La marée pose problème quand il s'agit de s'arrêter au bord du rivage :

  • si elle descend, vous vous retrouvez échoué et incapable de repartir
  • si elle monte, vous ne pouvez plus remonter à bord sans vous mouiller

Loin de constituer un obstacle à la pratique de la randonnée nautique, la marée peut même devenir une alliée pour peu que l'on sache l'exploiter.

Rouleaux de portage

Si votre embarcation n'est pas trop lourde (moins de 400 kg chargée), vous pouvez la déplacer en la faisant rouler sur des rouleaux gonflables de portage. Il en existe supportant différentes charges (en 2004, compter environ 19 € pour une charge de 450 kg et 26 € pour 600 kg).

Compte tenu de leur volume important, il faudra prévoir un gonfleur à bord pour les gonfler. Préférez les modèles disposant d'une valve large qui sont très rapides à dégonfler.

 

Un modèle bien adapté au roulage intensif. Fabriqué en PVC épais (850 gr/m2), il est plus cher (44 € en 2006) mais bien plus résistant à l'abrasion et au poinçonnement. Il dispose de plus d'une valve de gonflage large de type annexe.

Certec, le fabricant, peut fournir des rouleaux de toute dimension de longueur et diamètre.

Mouillage mobile

De Pierre-Alain Lemoine : "Concernant les mouillages dans les zones à marées (nous sommes dans le golfe du morbihan), nous avons l'habitude d'utiliser un moyen simple et pratique.

Imaginons que nous sommes à deux heures de la Pleine Mer (marée montante) et que nous souhaitons partir découvrir l'île sur laquelle nous sommes.

On place la ligne de mouillage sur le pont et on relie à l'extrémité de l'ancre une aussière (appelée va et vient) plus longue que le mouillage et qui se termine par un grappin ou se frappe à un quai.
On descend du bateau et on le pousse au large pour le garder à flot. On tire d'un coup sec sur l'aussière pour faire tomber l'ancre et le bateau se mouille ainsi tout seul.
On peut à tout moment reprendre son bateau en utilisant l'aussière amarrée à terre qui permet de ramener l'ancre (et le bateau) à soi."

On notera qu'avec cette technique, si l'ancre venait à déraper en votre absence, le bateau ne risque pas de partir seul au large grâce à l'aussière reprise à terre.

Bien adapté aux fonds sableux, cette technique est plus limitée sur fond rocheux où l'ancre risque potentiellement de se coincer lorsqu'on la ramène sous l'eau avec l'aussière restée à terre.

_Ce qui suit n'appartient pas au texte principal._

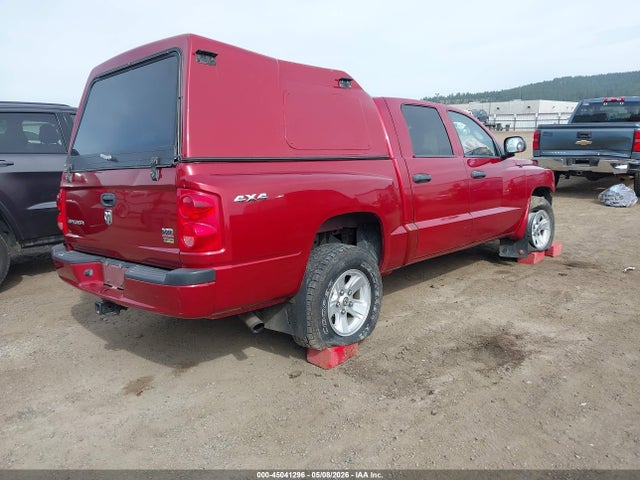 Aukcja sprzedaży 2008 Dodge Dakota Sxt, vin: 1D7HW38N28S630594, numer aukcji: 45041296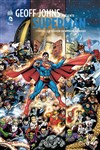 DC Signatures - Geoff Johns pr�sente Superman 4 - La l�gion des trois mondes
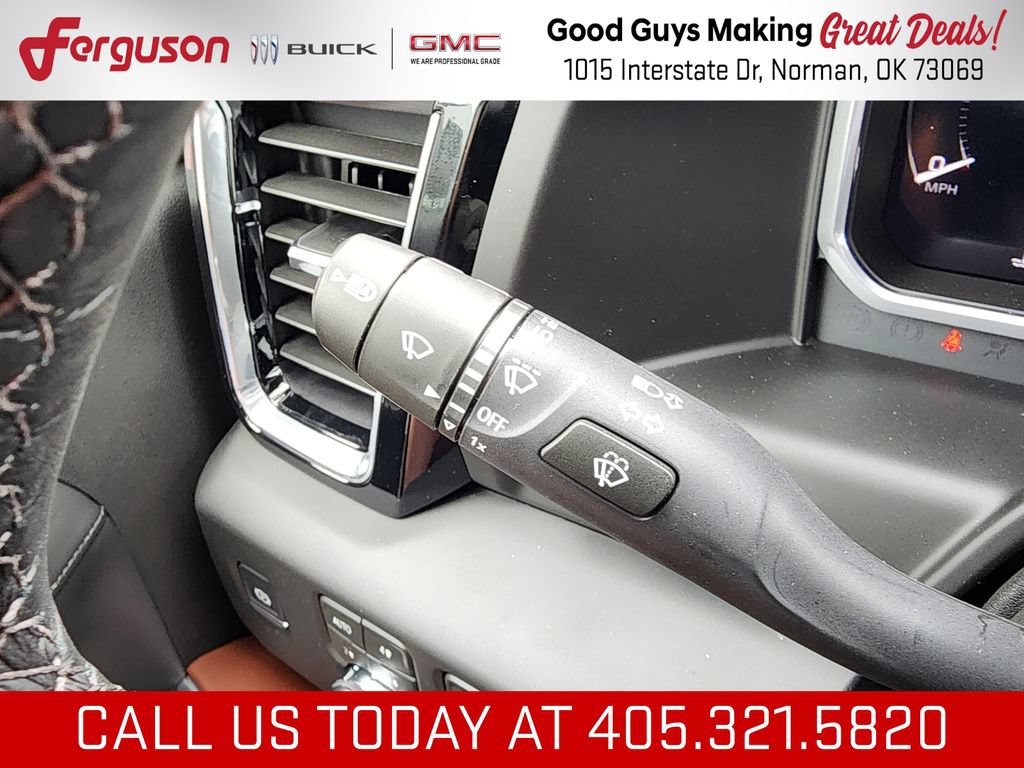 2026 GMC Sierra 2500HD Denali Ultimate - Photo 26
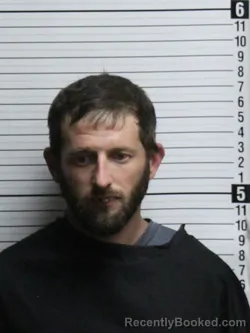 Mugshot of PATRICK MICHAEL BROSKEY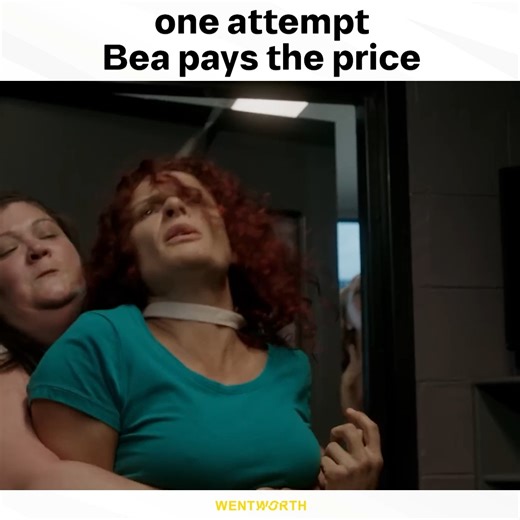 The Consequence of Franky’s Move #Wentworth #WentworthPrison #BeaSmith | Wentworth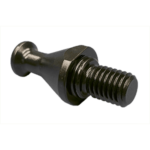 PD375STD8: Knob - Piloted with 1/2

Dans le cas d'utilisation d'un grappin en bout d'aussière à terre, il est pratique d'y fixer une bouée ou un pare battage.
D'une part, cela permet de signaler aux promeneurs la présence de cet obstacle agressif.
D'autre part, si l'aussière n'était pas assez longue pour éviter au grappin d'être recouvert à marée haute, la bouée qui flotte au dessus vous permettra de retrouver facilement votre aussière (attention d'utiliser un bout suffisamment long pour la bouée afin qu'elle ne puisse soulever le grappin, poussée d'Archimède aidant...)

Quelques témoignages

De Didier B. : "Bon, évidemment, il faut faire un minimum attention, mais si on se pose trop de questions, on finit par ne jamais débarquer !

En fait, le point le plus important à mes yeux est celui-ci : ne laisse pas ton bateau se poser sans surveillance si tu n'es pas sur de la nature du fond.
Autrement, on peut toujours trouver des solutions pour garder le bateau à flot et pouvoir y retourner facilement.

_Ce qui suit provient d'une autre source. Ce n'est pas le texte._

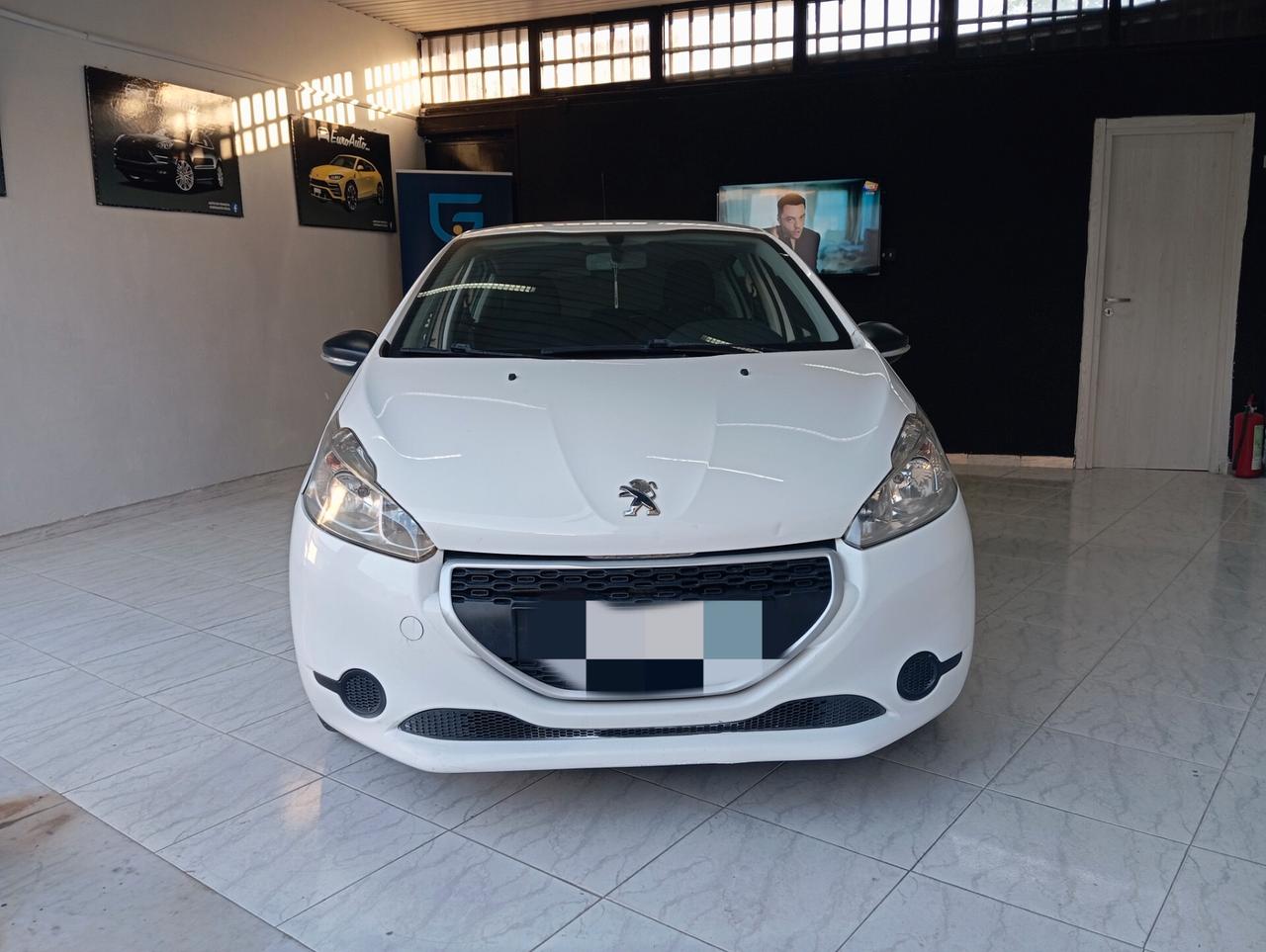 Peugeot 208 1.0Benzina 68cv 2014 CON GARANZIA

Si le vent vient de la cote, ton bateau sera repousse vers le large. Tu peux facilement mouiller ton ancre haut sur la plage, et laisser filer le bateau.
Si la marée monte, tu pourras le tracter a la plage plus tard. Même topo si la marée descend.

Si le vent pousse parallèlement a la cote, tu peux envisager de mouiller long et de tirer un grand bout a terre. Ton bateau reste en eau et tu le fais revenir a toi quand tu as besoin. Evidemment, si le vent tourne ...

Le vrai problème, c'est si le vent pousse a terre. La, il faut rester a proximité si vraiment tu veux éviter la baignade ou la mise au sec.
Sinon, le plus simple consiste à prendre son temps : si la marée est montée et que tu ne veux pas te mouiller, attends un peu, profite de la plage pour faire la sieste.
Si elle est descendue, profites-en pour retourner au bateau et fais la sieste à bord....

Dans les cas de doute, il faut prévoir de s'arrêter pendant un intervalle symétrique autour de la marée (haute ou basse).
Si tu arrives a PM-2, prévois de repartir un peu avant PM+2

Dans tous les cas, je te déconseille de te mettre au sec a l'heure exacte de la pleine mer sans un examen attentif de l'annuaire des marées. La mer ne remonte pas toujours a la même hauteur !"

Roulage

De Vincent B. : "avec un multi très léger et par beau temps on peu s'approcher suffisamment près pour voir le fond sur lequel on se pose, et là, l'idée des rouleaux est judicieuse a condition que la pente de la grève soit suffisante tout de même. Je m'explique, il sera plus facile de remettre un bateau à l'eau à Etretat où la plage ne varie en largeur que de quelques dizaines de mètres et il risque d'être assez pénible de repousser le bateau à l'eau au Mont Saint Michel a marée basse.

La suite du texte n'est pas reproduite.